Segment Open

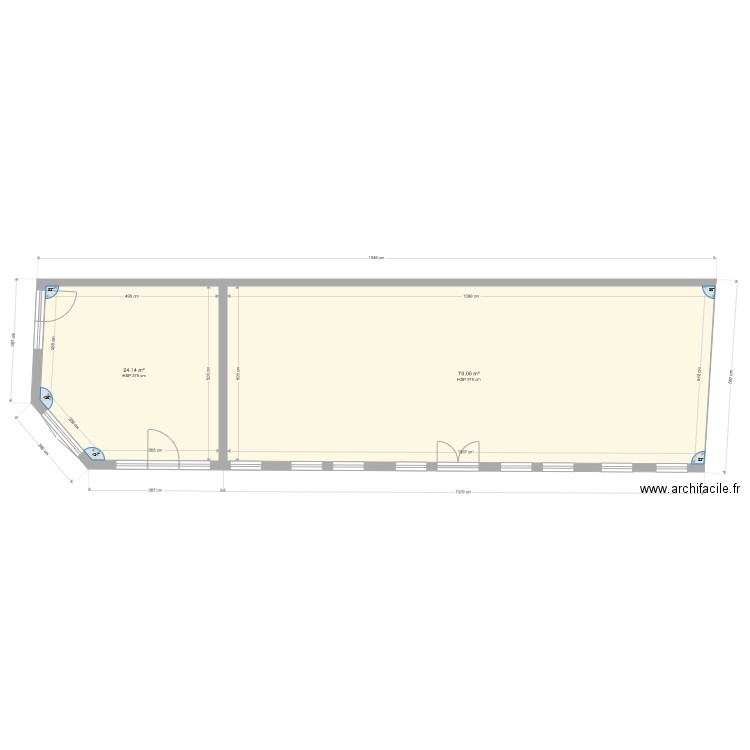 COMPTEMPORAIN RDC 2 LOT. Plan de 0 pièce et 0 m2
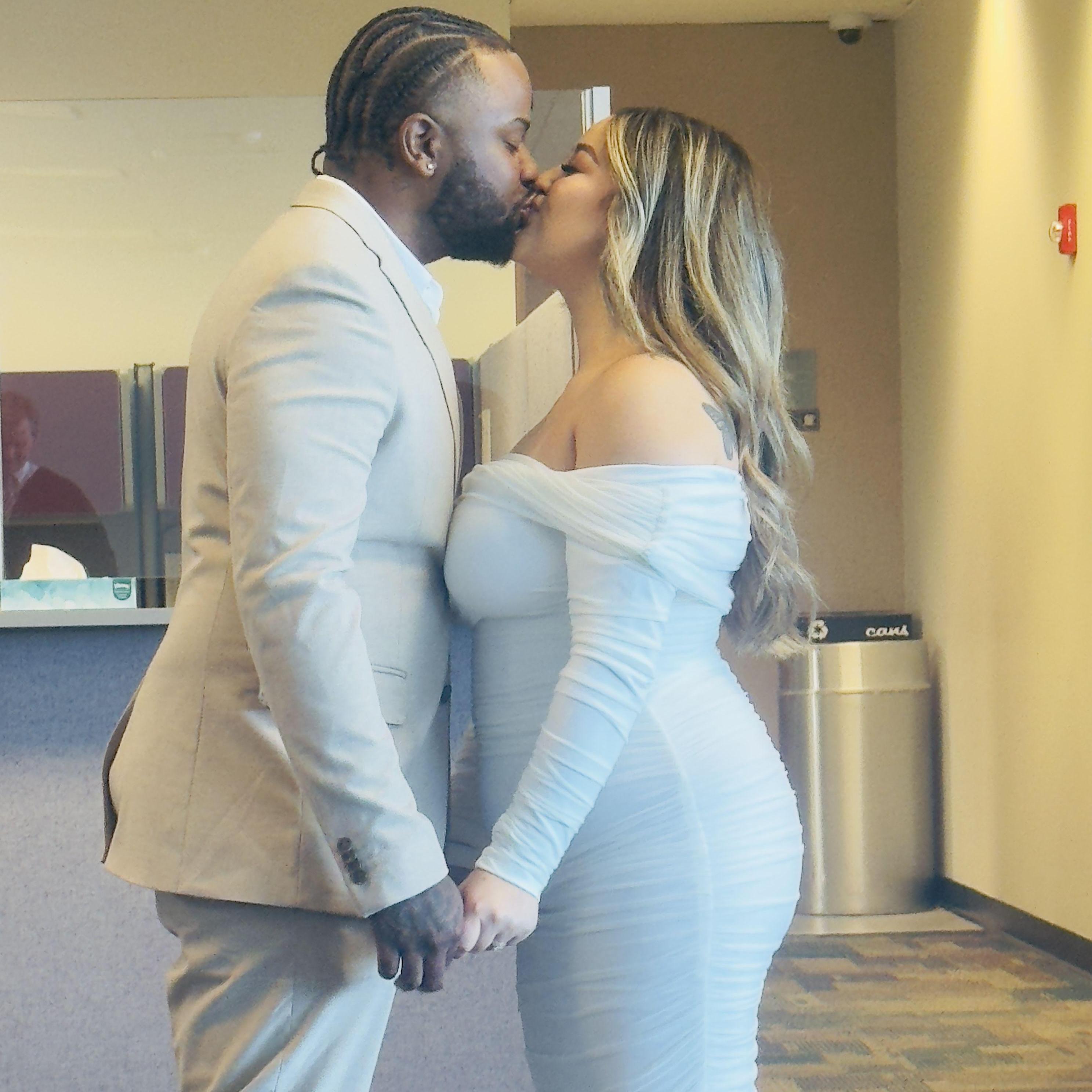The day we made it official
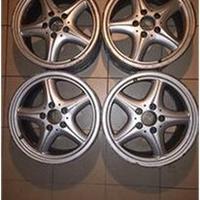 n. 2+2 Cerchi Alluminio mod.Nushaba Mercedes CLK..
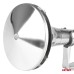 Klakson fanfara sygnał dźwiękowy chrom 520 mm 12V 24V HighTone AMIO-04077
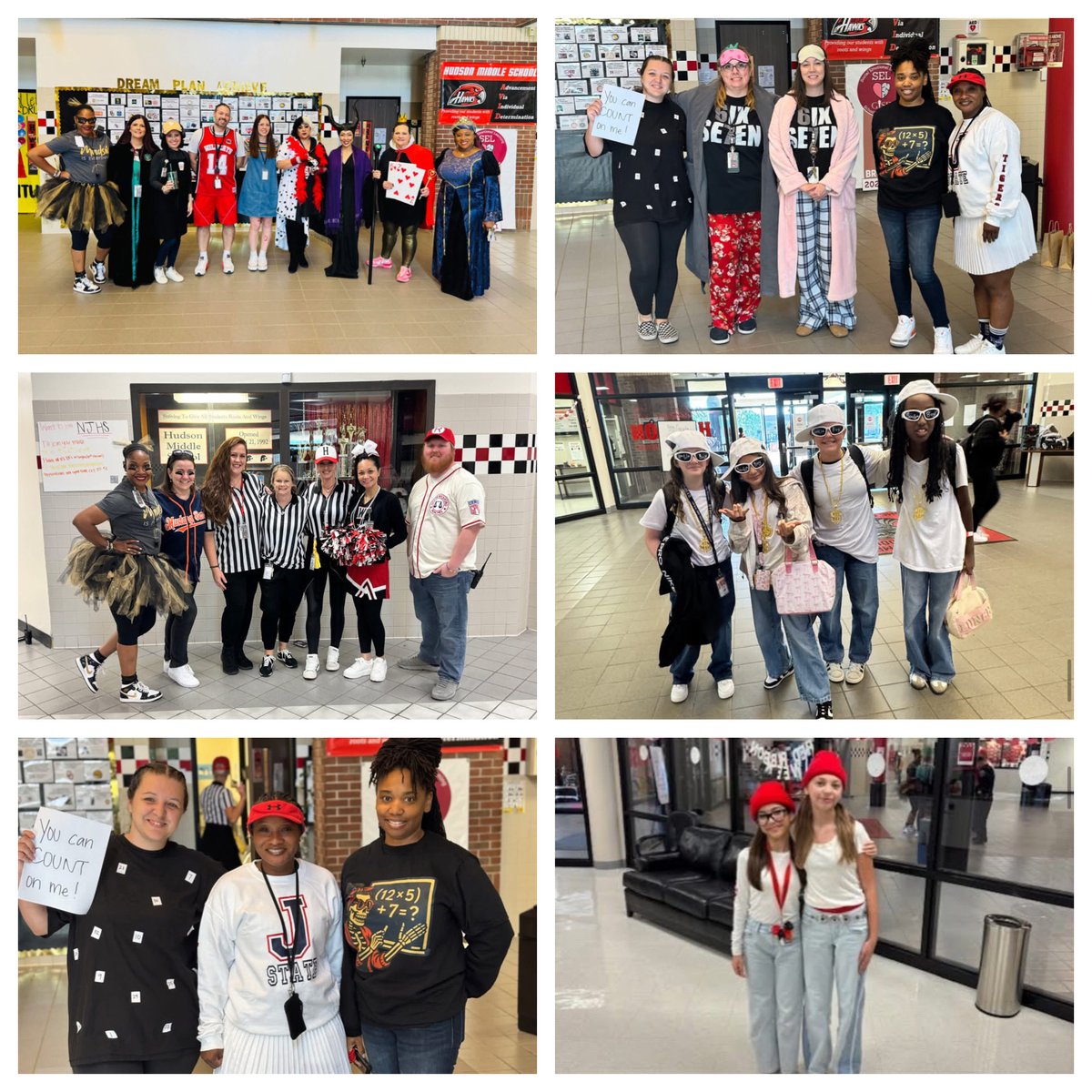 Hudson_Hawks's tweet photo. 🎃 Halloween at Big Hud! 👻
Our students & staff showed off some incredible costumes today! We’re wrapping up this spooktacular day with the ultimate showdown: Students vs. Staff Volleyball! 🏐🕸️
#BigHud #HudsonMiddle #HawkPride #HalloweenFun #garlandisd #gisdunmatched https://t.co/2cHa7wRVew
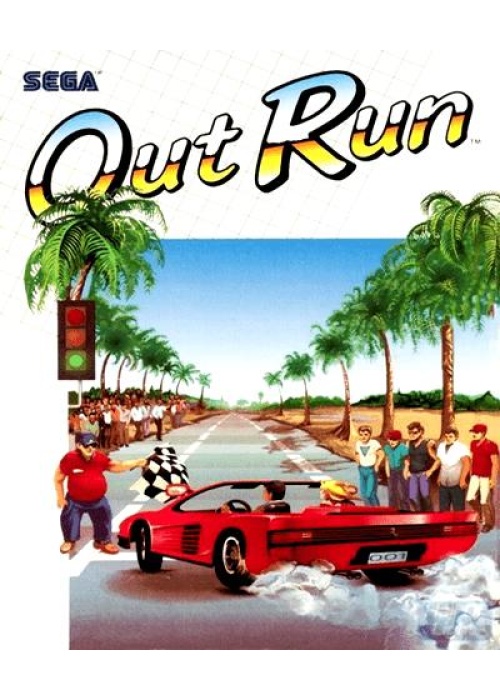 OutRun Amiga (Used)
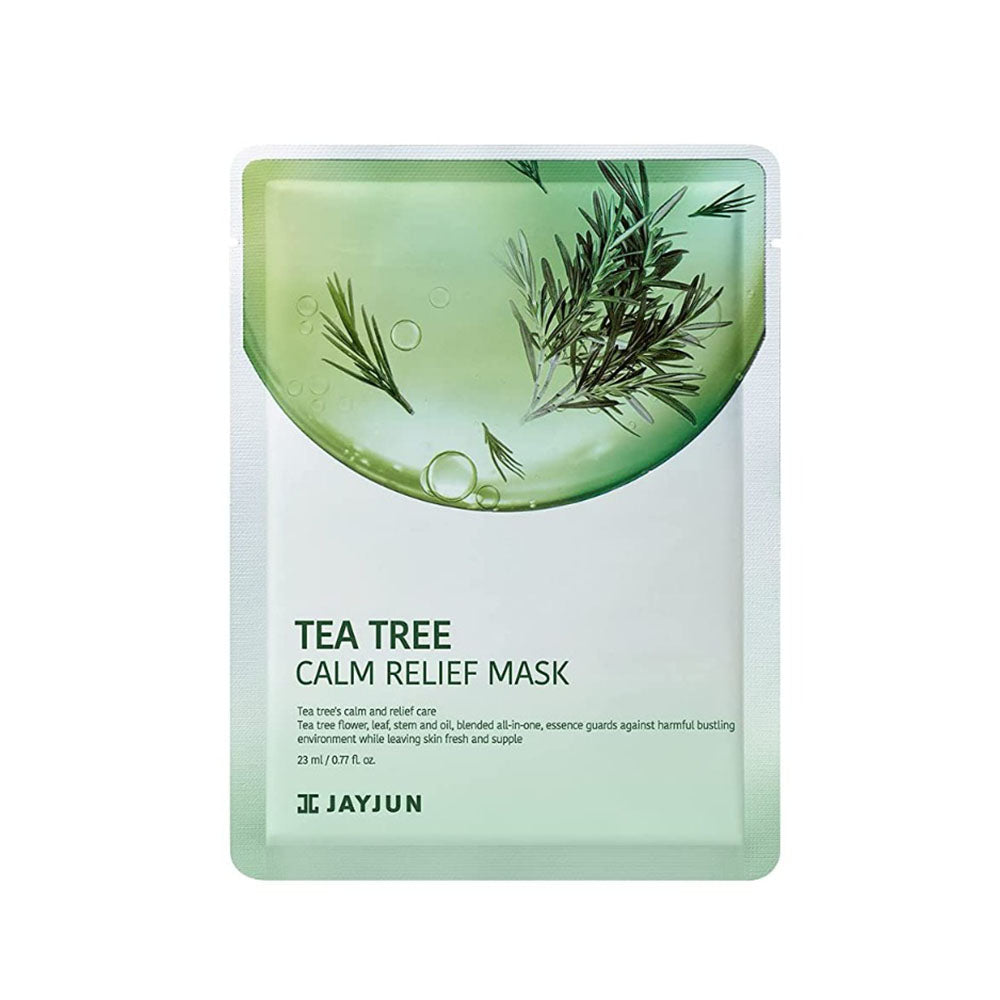 JAYJUN Tea Tree Calm Relief Mask (23ml) - 1 Pcs
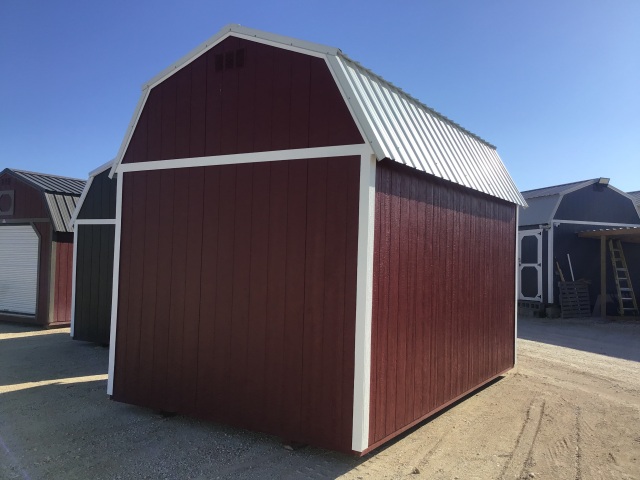 Side Lofted Barn - 10x16
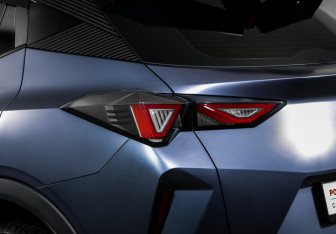 Подержанный автомобиль GAC GS3 2024 года (16 фото)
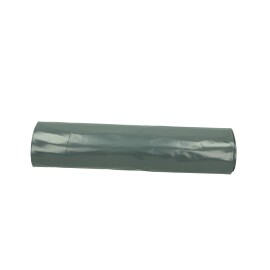 Sac en plastique LDPE 70 x 110 cm, 50µ, gris foncé, 120 l photo du produit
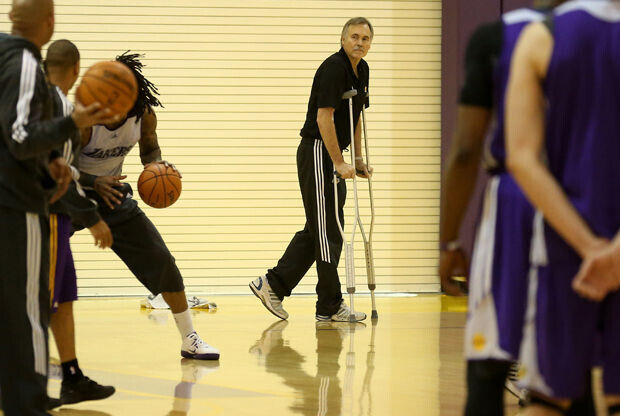 Mike D’Antoni./ Getty Images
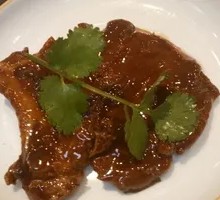 Single Fried Pork Chop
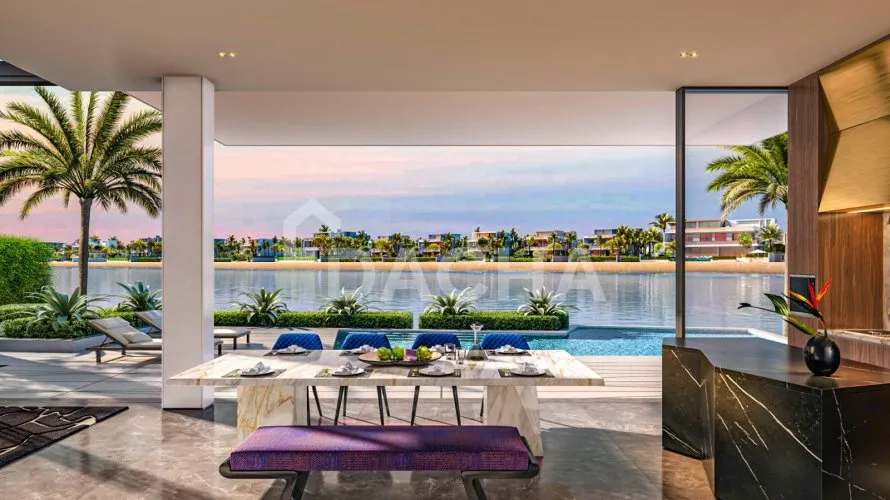Villa de 5 chambres à Palm Jebel Ali, UAE No. 2404 № 1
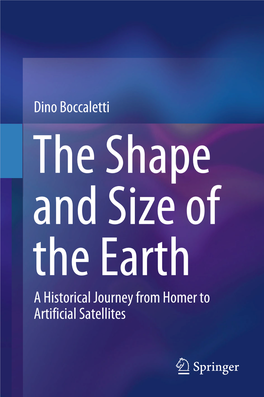 Dino Boccaletti a Historical Journey from Homer to Artificial Satellites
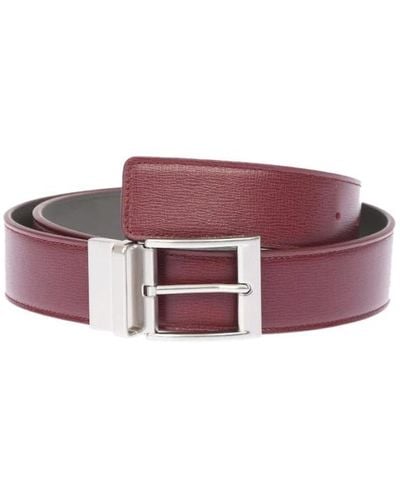 Bottega Veneta Belts - Purple
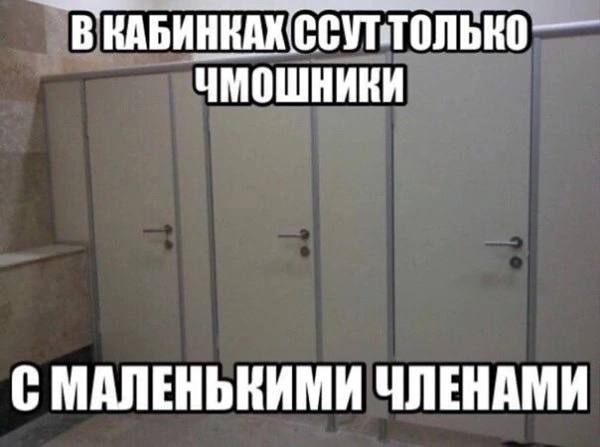 ЧМОШНИКИ С МАЛЕНЬКИМИ ЧЛЕНАМИ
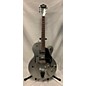 Used Gretsch Guitars Used Gretsch Guitars G5420T Electromatic Metallic Silver Hollow Body Electric Guitar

Segment Closed

● **AIM OF THE EXERCISE**: Output the listing above in full and exactly, with pictures excluded.

● **ANSWER SPACE**:
 COMPTEMPORAIN RDC 2 LOT. Plan de 0 pièce et 0 m2
The day we made it official
 n. 2+2 Cerchi Alluminio mod.Nushaba Mercedes CLK..
 Klakson fanfara sygnał dźwiękowy chrom 520 mm 12V 24V HighTone AMIO-04077
 Hudson_Hawks's tweet photo. 🎃 Halloween at Big Hud! 👻
Our students & staff showed off some incredible costumes today! We’re wrapping up this spooktacular day with the ultimate showdown: Students vs. Staff Volleyball! 🏐🕸️
#BigHud #HudsonMiddle #HawkPride #HalloweenFun #garlandisd #gisdunmatched https://t.co/2cHa7wRVew
 OutRun Amiga (Used)
 JAYJUN Tea Tree Calm Relief Mask (23ml) - 1 Pcs
 Side Lofted Barn - 10x16
 Подержанный автомобиль GAC GS3 2024 года (16 фото)
 Sac en plastique LDPE 70 x 110 cm, 50µ, gris foncé, 120 l photo du produit
 Mike D’Antoni./ Getty Images
 Single Fried Pork Chop
Villa de 5 chambres à Palm Jebel Ali, UAE No. 2404 № 1
 Dino Boccaletti a Historical Journey from Homer to Artificial Satellites
 Bottega Veneta Belts - Purple
 ЧМОШНИКИ С МАЛЕНЬКИМИ ЧЛЕНАМИ
 Used Gretsch Guitars Used Gretsch Guitars G5420T Electromatic Metallic Silver Hollow Body Electric Guitar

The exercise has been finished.